Low Poly Tutorials Ep.3


This is the third part of a series. You may find the beginning here: Low Poly Tutorials.

I struggled in coming up with how I would continue this series of tutorials on Low Poly Modeling due to the increasing level of complexity in each stage of creation. Even if we were in the same room and I was teaching you to model just the foot alone, it could take up to 20 minutes, not even accounting for trivial things like how to navigate in Maya, or learning how to handle the odd misstep (for instance, if you pressed a hotkey and it activated some strange mode). Nonetheless, I went ahead and completed the model to prepare things ahead of time. The textures have been created, and the topology has been tweaked. As I was building it, I wanted to add a few extra details, so that's why there will be differences between the geometry set out in our reference drawings. If you have any questions, feel free to leave a comment and I'm sure either myself or other visitors will be happy to answer them.

The Topology




Let's check out the polygon distribution so far.
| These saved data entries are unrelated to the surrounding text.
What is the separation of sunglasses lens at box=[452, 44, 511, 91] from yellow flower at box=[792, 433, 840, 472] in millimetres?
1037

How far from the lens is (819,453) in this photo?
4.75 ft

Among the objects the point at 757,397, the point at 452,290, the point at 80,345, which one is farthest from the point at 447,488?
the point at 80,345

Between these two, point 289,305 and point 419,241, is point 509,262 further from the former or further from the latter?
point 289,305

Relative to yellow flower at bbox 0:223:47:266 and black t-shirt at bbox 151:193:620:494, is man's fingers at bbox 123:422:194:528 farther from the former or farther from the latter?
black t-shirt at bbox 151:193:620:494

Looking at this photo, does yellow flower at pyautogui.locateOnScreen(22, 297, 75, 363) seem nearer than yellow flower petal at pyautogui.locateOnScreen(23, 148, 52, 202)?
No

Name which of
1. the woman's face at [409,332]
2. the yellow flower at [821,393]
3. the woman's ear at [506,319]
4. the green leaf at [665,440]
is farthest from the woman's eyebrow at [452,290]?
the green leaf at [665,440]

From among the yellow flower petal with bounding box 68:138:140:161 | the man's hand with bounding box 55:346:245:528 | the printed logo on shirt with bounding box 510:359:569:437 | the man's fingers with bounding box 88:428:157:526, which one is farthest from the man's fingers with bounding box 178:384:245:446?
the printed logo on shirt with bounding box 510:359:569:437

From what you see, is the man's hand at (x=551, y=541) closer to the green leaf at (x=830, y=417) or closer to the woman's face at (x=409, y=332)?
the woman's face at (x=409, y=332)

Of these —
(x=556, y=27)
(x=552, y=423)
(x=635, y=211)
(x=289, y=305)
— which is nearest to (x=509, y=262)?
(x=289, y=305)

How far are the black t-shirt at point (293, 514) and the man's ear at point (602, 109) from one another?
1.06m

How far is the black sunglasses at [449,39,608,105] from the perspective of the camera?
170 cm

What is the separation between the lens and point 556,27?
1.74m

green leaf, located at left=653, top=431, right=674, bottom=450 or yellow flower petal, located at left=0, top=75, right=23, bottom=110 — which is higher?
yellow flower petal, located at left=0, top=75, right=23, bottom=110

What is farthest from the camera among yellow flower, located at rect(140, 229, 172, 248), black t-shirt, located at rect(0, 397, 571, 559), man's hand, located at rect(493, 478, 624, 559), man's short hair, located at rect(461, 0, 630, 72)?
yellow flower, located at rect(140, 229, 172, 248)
The female model was the first I had done, so the polygons are less clean and since she is more curvy, there are more unique thicknesses between different parts of the body. There's more detail in these models than your typical Low Polygon Model, but that's because they aren't being used in-game, rather they're animation guides for 2D artwork and I wanted it to be exactly like the reference images, so that's not an issue.

Each of these models use about 3000 triangles, where 2000+ of them are in the faces and hair. When working with low polygon models, people don't often put that much detail into them so they can get their models down to about 300 to 1000 triangles. If you're just starting out, I would shoot for that mark, it's far more impressive than trying to add more detail and you'll deal with less hassle when texturing.

The Foot


This is the simplest part of the body. Even when compared to the rest of the body, it seems like it got the shaft as far as polygonal details are concerned, but I suppose square-shaped feet gives it a sort of charm.
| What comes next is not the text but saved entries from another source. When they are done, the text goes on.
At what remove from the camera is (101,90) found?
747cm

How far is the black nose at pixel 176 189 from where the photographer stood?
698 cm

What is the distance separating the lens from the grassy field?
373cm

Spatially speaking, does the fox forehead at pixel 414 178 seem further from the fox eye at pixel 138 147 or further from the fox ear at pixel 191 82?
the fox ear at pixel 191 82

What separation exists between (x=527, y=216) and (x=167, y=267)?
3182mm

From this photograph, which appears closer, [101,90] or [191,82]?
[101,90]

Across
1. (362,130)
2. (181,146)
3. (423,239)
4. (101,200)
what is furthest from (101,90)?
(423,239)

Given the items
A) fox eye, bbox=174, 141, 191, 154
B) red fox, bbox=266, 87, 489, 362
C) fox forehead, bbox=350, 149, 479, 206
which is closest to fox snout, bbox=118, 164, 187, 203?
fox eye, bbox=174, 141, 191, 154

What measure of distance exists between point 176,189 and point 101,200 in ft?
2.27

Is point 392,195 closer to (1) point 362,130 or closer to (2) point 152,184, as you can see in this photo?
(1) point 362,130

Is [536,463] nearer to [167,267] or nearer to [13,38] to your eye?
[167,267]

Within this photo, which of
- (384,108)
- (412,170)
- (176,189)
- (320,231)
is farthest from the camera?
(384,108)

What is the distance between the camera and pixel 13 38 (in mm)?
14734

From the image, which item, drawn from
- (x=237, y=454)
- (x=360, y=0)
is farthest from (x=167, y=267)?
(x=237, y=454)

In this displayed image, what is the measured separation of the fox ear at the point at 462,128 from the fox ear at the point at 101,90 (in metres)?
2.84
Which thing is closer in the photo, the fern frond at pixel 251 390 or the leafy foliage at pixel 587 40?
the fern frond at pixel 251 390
Here's a quick overhead of how this was achieved. I started with a rectangle polygon box, split it in half and then I had the sole of the shoe. I then selected the top faces and deleted them so I could have a hollow container. From there I selected the entire corner border edge and the extruded it upwards to create the base of the shoe, then once again to make the top of the sneakers. Pretty simple, eh? Taking it one step further, I extruded it one more time slightly inwards to create the socket for where the leg will attach (or build out from). You can attempt to recreate it on your own, but if you need a little more instruction, keep reading or just watch the video below (18 minutes).



The Sole




So the first thing you want to do to get started right away is to make sure all your menus and buttons are set polygons. The image above should illustrate this point. We're going to start building right away so once your menus are set, select the Polygon Cube button shown above and we can make our first shape.



In the "Front" viewport, typically in the bottom-left screen, you want to begin making your first shape by clicking and dragging across the front sole of the shoe. That's where we're starting. At the sole. I know there's a joke in there somewhere. When you've dragged and released to the desired point, you will be asked to drag up to set height. This implies you were working in the top view, but we obviously weren't.



The only directions you can go from here are related to the Z-Axis, so we want to start dragging the shape out to the back of the heel as illustrated in the image above. With this, you will have created your first polygon. A simple rectangular box. If for some reason you have a lot of divisions/segments in your box, you may need to adjust it in the Attributes Editor on the right of the screen so that your shape is just a box with 8 corners.



Next we need to drag the origin points (where we created the square, 0 on the Z-Axis) and drag them out to the front tip of the toe. This can be achieved by manipulating the vertices at that point. To select those vertices in the first place, right-click on your shape and select Vertex as in the animated demonstration above. Once done you will see dots appear that you can select (or drag/shift-click to select multiple). When selected, a vertex will change color from purple to yellow. Knowing you have all 4 vertices selected, you can press "W" or click the "Move Tool" and begin moving those vertices via the Right-Viewport so that they line up with the tip of the toe.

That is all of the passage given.